* [Recorded data]:
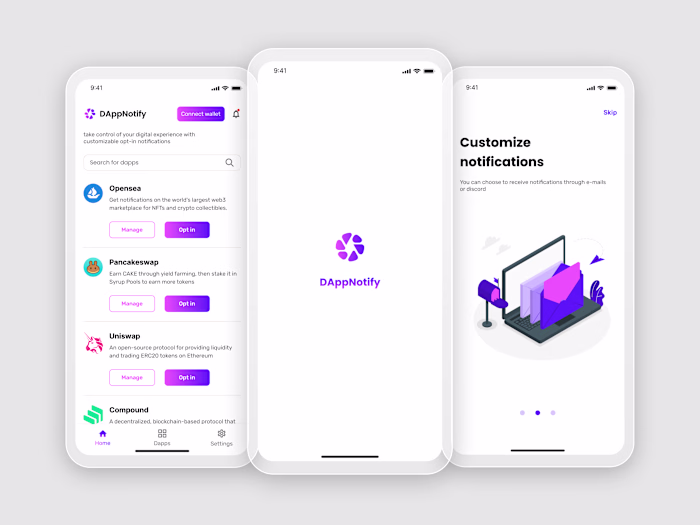 DAPPNOTIFY Mobile App Design
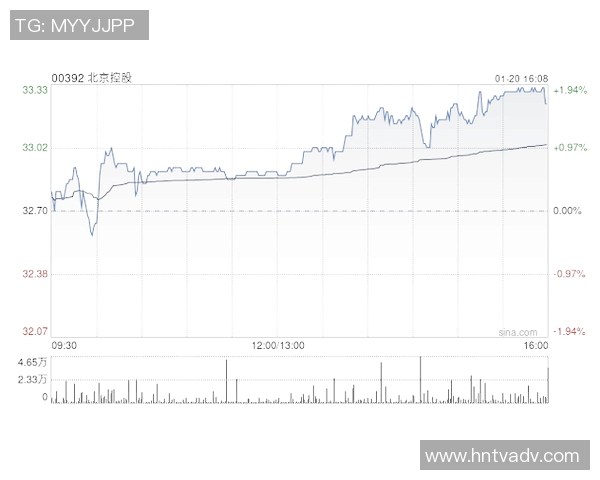 北京控股发布年度财报，净利润稳步增长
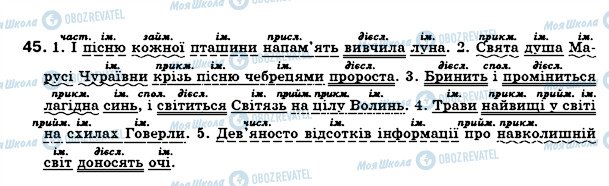 ГДЗ Укр мова 7 класс страница 45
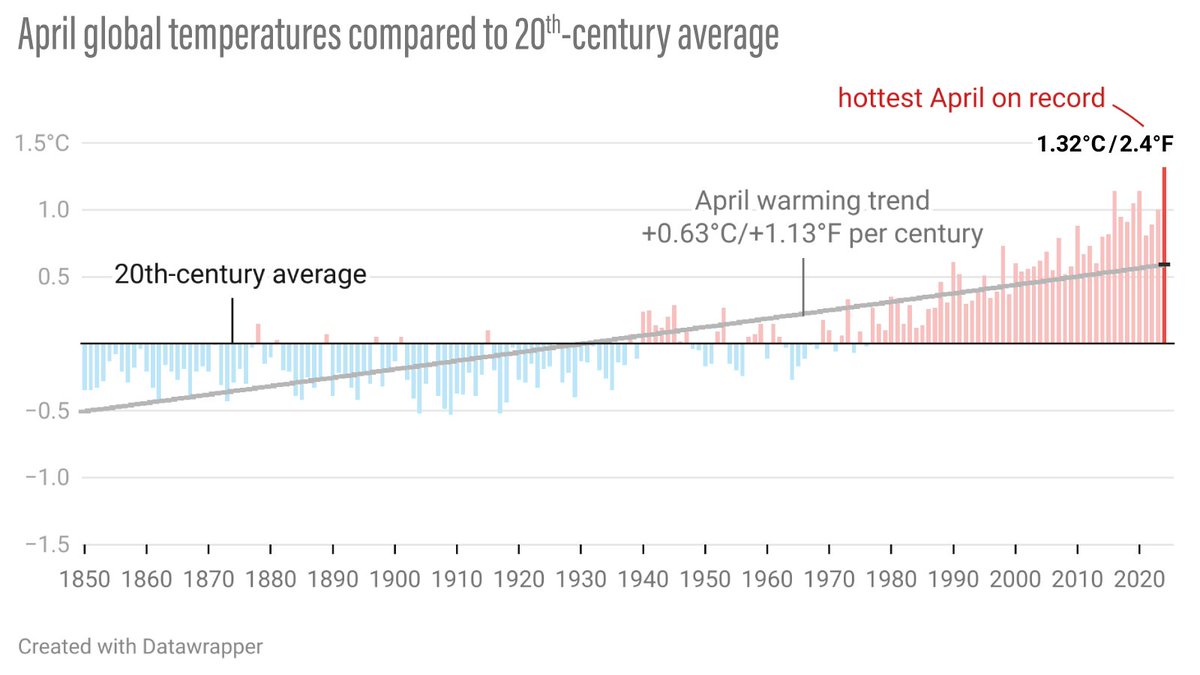 Globally, temps in April were above avg for much of the globe marking the warmest April on record. For those who have been keeping track, that makes it the 11th consecutive month of record-high global temperatures. More: climate.gov/news-features/… @NOAANCEI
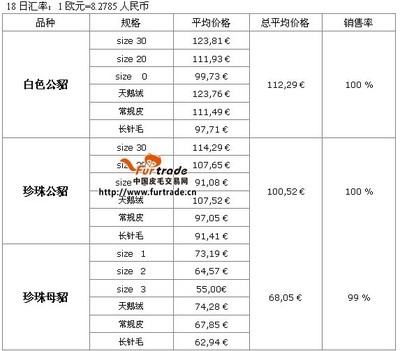 2012年12月18日芬蘭拍賣會結(jié)果對中國飼料行業(yè)的影響分析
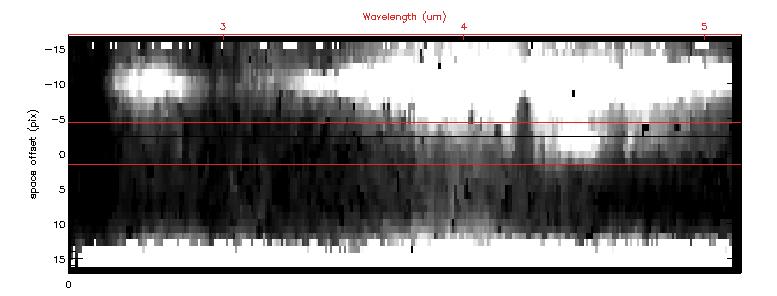 Figure 5: High-resolution grism spectrum of 5201570.1 The spectrum shows di erent features if we move along the slit.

* [Work item]:
After locating "北京控股发布年度财报，净利润稳步增长" and "ГДЗ Укр мова 7 класс страница 45" in the records above, return exactly the line holding each one and every line between them; leave out the pictures.

* [Problem solution]:
 北京控股发布年度财报，净利润稳步增长
 ГДЗ Укр мова 7 класс страница 45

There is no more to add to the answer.